NASA released a photo of the Cydonia region, featuring a rocky 

mesa that looked like a face. NASA sometimes tries too hard to 

be cute. It once compared Voyager photos of a Jovian moon to a 

bubbling pizza. 

 

In 1979 two programmers working for a NASA contractor 

rediscovered the Mars face photos. With no training in geology, 

they pronounced the face artificial, ostensibly made by some 

long dead Martian race. 

 

The UFO crowd ran wild with the images and began searching for 

other structures near the face. They found a fort, a city, and 

pyramids in the murky gray scale images. 

 

Space scientists attributed the face to light, shadow, and the 

human mind. The photo was taken when the light was at a low 

angle. Humans are hardwired by evolution to see faces in the 

blurriest of images. When you're a baby, a face means your 

mother. Your mother means food. (See 

aspsky.org/html/tnl/25/25.html for an interesting overview as 

well as images of Henson muppets NASA has been covering up!) 

 

Believers in the Mars face cover up grew when science 

journalist Richard Hoagland took his theories about ancient 

artifacts on Mars and the Moon to the net in March 1996 (see 

www.enterprisemission.com). In a series of press releases 

posted to net.news, Hoagland promised to reveal suppressed 

evidence of structures on the Moon. His hidden evidence turned 

out to be Apollo photos that have been in the public domain for 

a quarter century. 

 

When NASA announced the Global Surveyor mission, Mars "facers" 
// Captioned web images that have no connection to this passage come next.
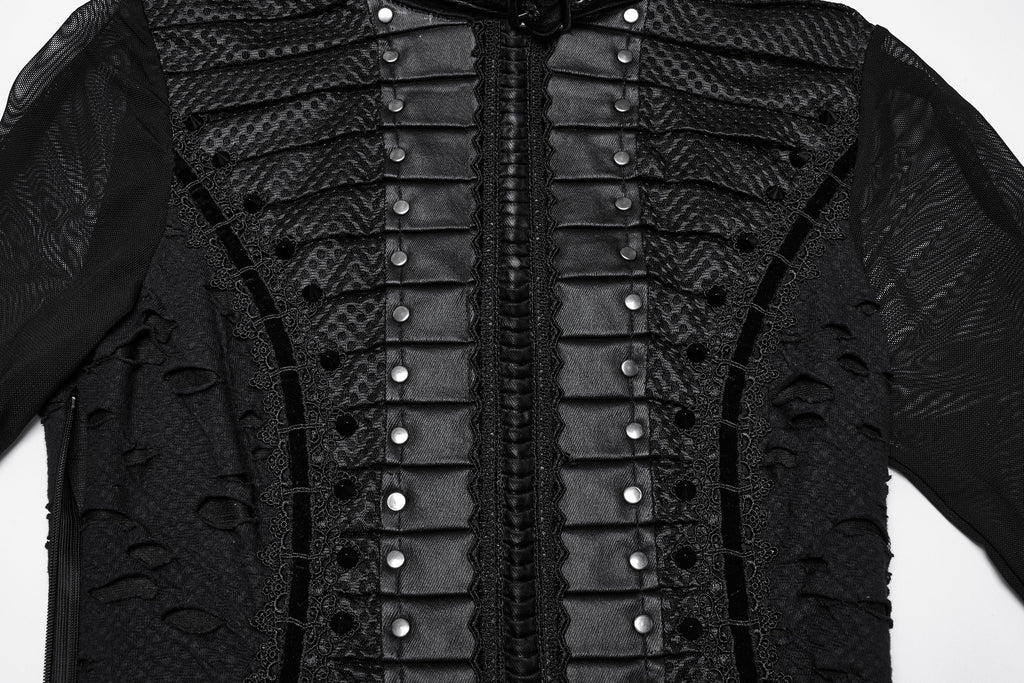 Punk Rave Seraphine Gothic Spinal Lace Panel Maxi Dress – Black
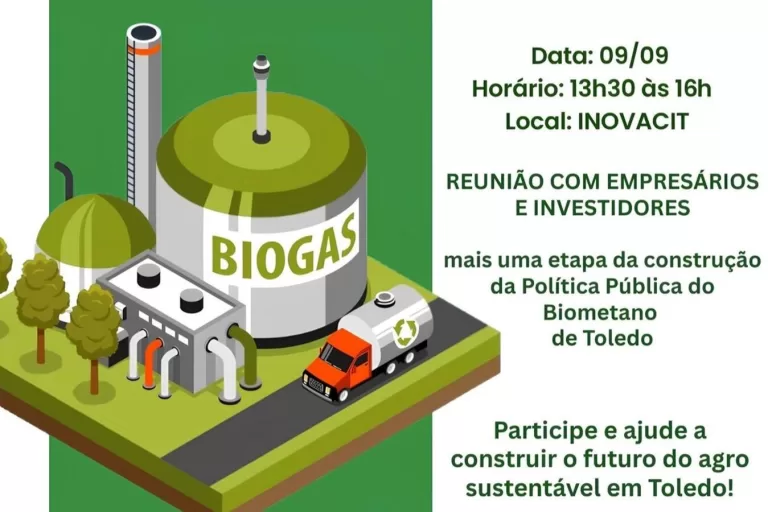 Debate sobre políticas públicas do biometano será tema de reunião na Acit em Toledo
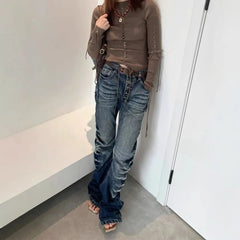 Mid Waist Washed Ripped Bootcut Jeans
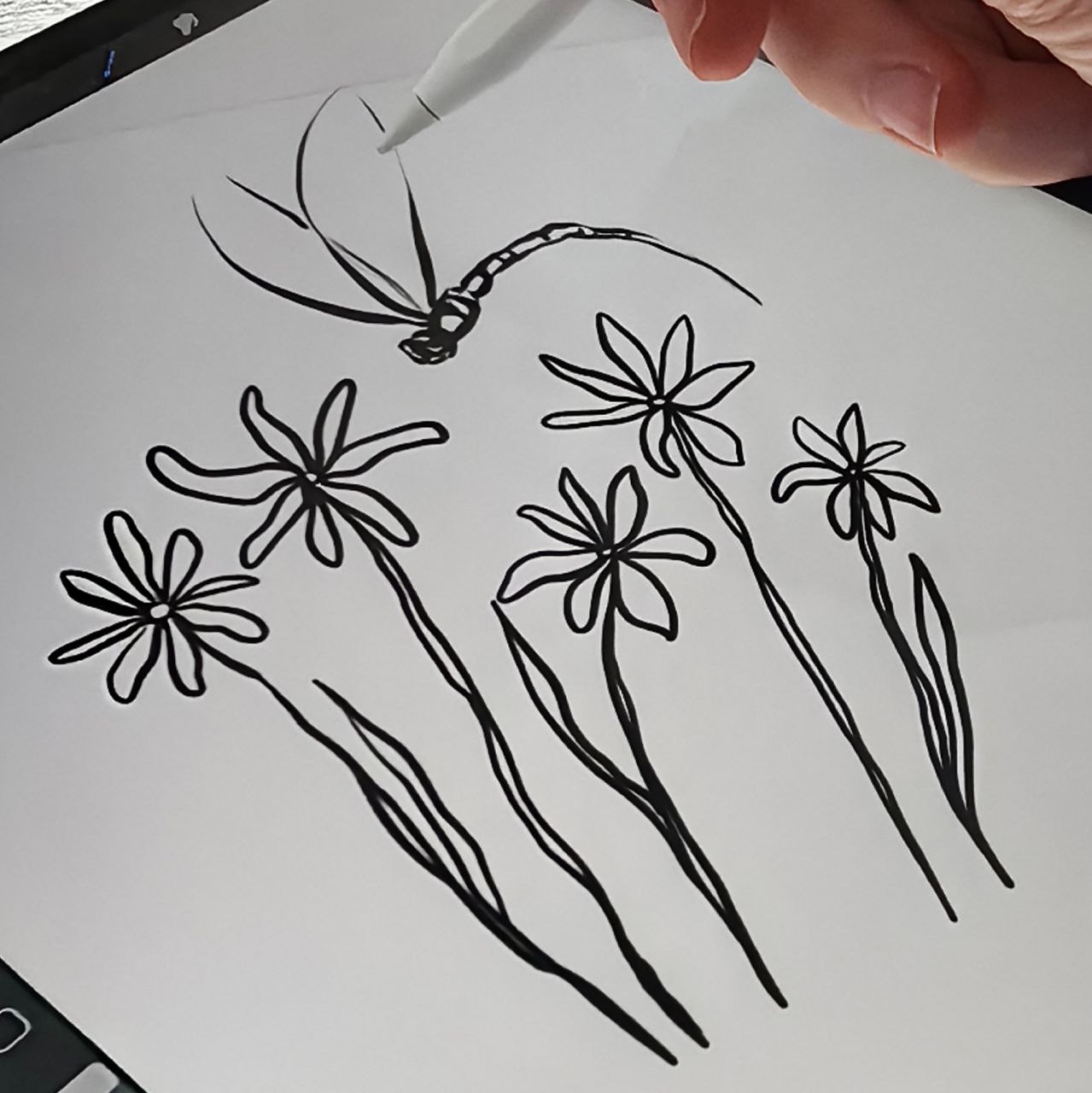 свободный эскиз цветы и стрекоза в стиле графика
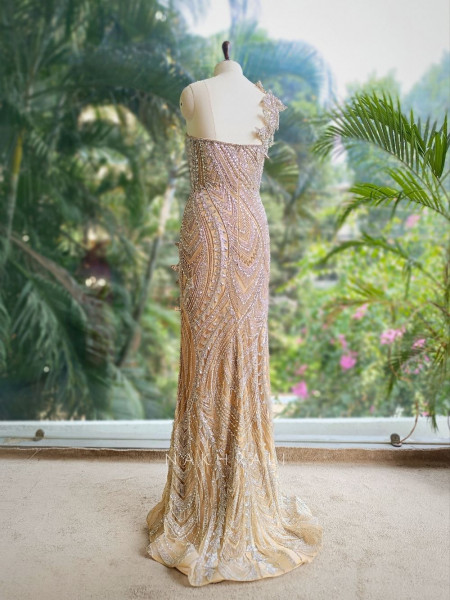 Opal Dawn Golden Gown with Stone, Sequin & Cut Dana Work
and skeptics hoped new images of the Cydonia region would put 

the matter to rest. Unfortunately, patience is not in the 

vocabulary of many facers. The Cydonia region was not high on 

NASA's target list. There are more interesting scientific 

targets. For example, Mars' Olympus Mons is the largest known 

volcano in the solar system. 

 

The Society for Planetary SETI Research (see the SPSR's web 

site at www.mcdanielreport.com) lobbied NASA to raise Cydonia's 

priority. In what seemed a remarkable turn of events, NASA 

complied with the wishes of the facers, raising the priority 

about as high as it could go. Some of the first pictures out of 

Surveyor would be of the face. Raw data would be posted to the 

net as soon as it came in. 

 

This isn't the first time NASA has met with and given voice to 

its kookier opponents. Shortly before the Apollo 11 moon shot, 

the space agency's chief met with Rev. Ralph Abertnathy, the 

leader of a populist anti-poverty/anti-Apollo group. Despite 

the many troubles Abertnathy had given NASA over the years, the 

reverend and some of his followers were given in-demand VIP 

seating for the historic launch. 

 

As promised, NASA posted the raw data within hours of 

acquisition. Hey, guess what? It looked nothing like a carved 

face. Matter settled? Nope. 

 

When a scientific theory in wrapped in a conspiracy theory, one 

can insert a conspiracy at any point to account for a lack of 

data. Shortly before Surveyor's launch, I posted to 

alt.alien.visitors a flow chart helping facers generate a 

typical conspiracy theory at ever turn of the mission (see 

www.netizen.org/arc-hive/UFO_0034.TXT). 

 

The SPSR, surprisingly, accepted the photos as tentative 

nullification of the face hypothesis. Richard Hoagland, 

however, was a different matter.  

 

Hoagland quickly reposted the NASA images on his site but 

offered little initial comment. Within days, he came out 

swinging. As my flow chart predicted, Hoagland accused NASA of 

releasing doctored photos as raw data. As proof of tampering, 

Hoagland claimed the photos were missing grey levels. No one 

was quite certain what information could have been 

surreptitiously deleted along with the "missing" grey levels. 

 

Malin Space Science Systems, the company that actually made 

Surveyor's camera (see barsoom.msss.com), applied Hoagland's 

own methodology to the face picture from the original Viking 

mission and found it was more missing grey levels. A Malin 

engineer concludes "If it doesn't look like a face, it isn't 

because gray levels are missing."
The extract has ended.